The first Rover was a tricycle manufactured by Starley & Sutton Co. of Coventry, England, in 1883. The company was founded by John Kemp Starley and William Sutton in 1878.

J.K. Starley made history in 1885 by producing the Rover Safety bicycle - a rear-wheel-drive, chain-driven cycle with two similar-sized wheels. Starley's Rover is usually described by historians as the first recognisably modern bicycle.

Starley made an electric car in 1888, but it never was put into production. In 1889, the company became J.K. Starley & Co. Ltd., and in the late 1890s, the Rover Cycle Company Ltd. Starley imported some of the early Peugeot motorcycles from France in for experimental development. His first project was to fit an engine to one of his Rover bicycles.

Three years after Starley's death in 1901, the Rover company began producing automobiles with the two-seater Rover Eight. The company began to focus on car production at the end of the First World War. Poor sales of their motorcycles caused Rover to end motorcycle production and concentrate solely on the production of motor cars. Between 1903 and 1924 Rover had produced more than 10,000 motorcycles.

After World War II, Land Rover vehicles were developed in 1948 and added to the Rover range.

The 1950s and '60s were fruitful years for the company. The Land Rover became a success as well as the P5 and P6 saloons. As the '60s drew to a close Rover was working on a number of innovative projects. Having purchased the Alvis company in 1965 Rover was working on a V8-powered supercar to sell under the Alvis name.

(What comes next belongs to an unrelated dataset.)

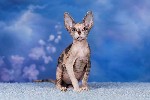 Кошки, котята объявление но. 4315307: Питомник сфинксов,  эльфов,  бамбино Скорпион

In 1967, Rover and Jaguar became part of the Leyland Motor Corporation (LMC), which already owned Triumph. Rover projects were cancelled to prevent internal competition with Jaguar products. Rover continued to develop its ground-breaking Range Rover, launched in 1970. LMC merged with British Motor Holdings (BMH) to become the British Leyland Motor Corporation (BLMC). This was the beginning of the end for the independent Rover Company, as its heritage drowned beneath the infamous problems that beset the British motor industry throughout the 1970s.